Brianna has a dream that Roger has come back for her, and she tells him that she’s pregnant, but she doesn’t know if he’s the father.  The dream quickly becomes a nightmare when Roger becomes Bonnet, who immediately tries to violate her again.  Lizzie wakes Brianna up and tries to put her mind at ease by telling her that the man will never hurt her again.  Jamie whupped the dude’s ass, and he’s not coming back.  Brianna asks how Lizzie knows what “the man” looks like, and even though they don’t show her confessing that she fingered the wrong person, we all know the real deal.

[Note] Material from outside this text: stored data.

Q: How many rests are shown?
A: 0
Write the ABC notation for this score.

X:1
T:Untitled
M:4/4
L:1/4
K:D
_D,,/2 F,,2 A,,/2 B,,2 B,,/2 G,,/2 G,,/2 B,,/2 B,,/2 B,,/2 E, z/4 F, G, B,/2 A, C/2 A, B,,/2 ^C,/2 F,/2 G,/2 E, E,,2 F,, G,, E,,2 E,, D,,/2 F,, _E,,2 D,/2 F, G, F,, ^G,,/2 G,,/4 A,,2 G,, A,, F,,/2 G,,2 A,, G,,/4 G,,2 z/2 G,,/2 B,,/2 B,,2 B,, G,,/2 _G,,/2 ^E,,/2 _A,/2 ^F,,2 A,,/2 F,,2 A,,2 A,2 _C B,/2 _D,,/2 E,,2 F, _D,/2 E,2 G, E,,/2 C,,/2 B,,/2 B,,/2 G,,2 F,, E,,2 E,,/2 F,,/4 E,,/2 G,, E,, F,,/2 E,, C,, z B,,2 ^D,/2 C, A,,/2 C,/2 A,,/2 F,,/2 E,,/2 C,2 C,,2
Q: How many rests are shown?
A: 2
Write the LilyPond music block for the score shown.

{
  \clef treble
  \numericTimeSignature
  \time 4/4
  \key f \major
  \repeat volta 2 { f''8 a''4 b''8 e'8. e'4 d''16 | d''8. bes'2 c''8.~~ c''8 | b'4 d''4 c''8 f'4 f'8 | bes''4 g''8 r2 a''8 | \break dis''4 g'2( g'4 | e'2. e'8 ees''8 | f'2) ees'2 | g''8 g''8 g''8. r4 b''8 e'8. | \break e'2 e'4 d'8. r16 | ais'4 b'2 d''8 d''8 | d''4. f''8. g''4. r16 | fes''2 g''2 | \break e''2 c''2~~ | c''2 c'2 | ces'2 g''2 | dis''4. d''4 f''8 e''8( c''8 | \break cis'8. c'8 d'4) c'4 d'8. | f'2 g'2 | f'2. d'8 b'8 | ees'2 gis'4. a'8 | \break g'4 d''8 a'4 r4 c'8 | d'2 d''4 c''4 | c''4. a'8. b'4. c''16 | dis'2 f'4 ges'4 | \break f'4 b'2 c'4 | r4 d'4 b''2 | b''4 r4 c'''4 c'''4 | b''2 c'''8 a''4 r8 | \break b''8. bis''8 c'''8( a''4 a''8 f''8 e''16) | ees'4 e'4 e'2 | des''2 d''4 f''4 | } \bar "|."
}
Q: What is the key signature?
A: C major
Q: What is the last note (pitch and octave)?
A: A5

Now we’ve come to the part where Brianna starts pissin’ me off.  While the family’s having breakfast, Brianna comes in and asks where Roger is.  Of course, Jamie and Claire are confused, considering that they were under the assumption that Roger traveled back to Scotland and returned to 1971.  Brianna tells them that Lizzie let the cat out of the bag and that it was Roger that got his ass beat.  By the way, I noticed that Brianna called Jamie by his name when she mentioned the beating, and not “Da,” and continues using his name for the rest of the episode.  Jamie honestly tells them that he didn’t know it was Roger and if he ravished her like she said, he needed a good beating.  Brianna blurts out that she was handfast to Roger and she wanted to have sex with him.  After Jamie hears that, he jumps to the conclusion that Brianna lied about everything after she found out that she got pregnant.  True, this isn’t Jamie’s finest moment, but I see how he figured that was the case considering that a) getting pregnant out of wedlock was a serious taboo back in the 1700’s, b) Brianna never mentioned that she lost her virginity and got raped in the same night and c) Brianna purposely failed to mention that the real rapist was Stephen Bonnet.  With that being said, Brianna gets in her feelings and builds up enough gall to slap her father, and this time, she succeeds.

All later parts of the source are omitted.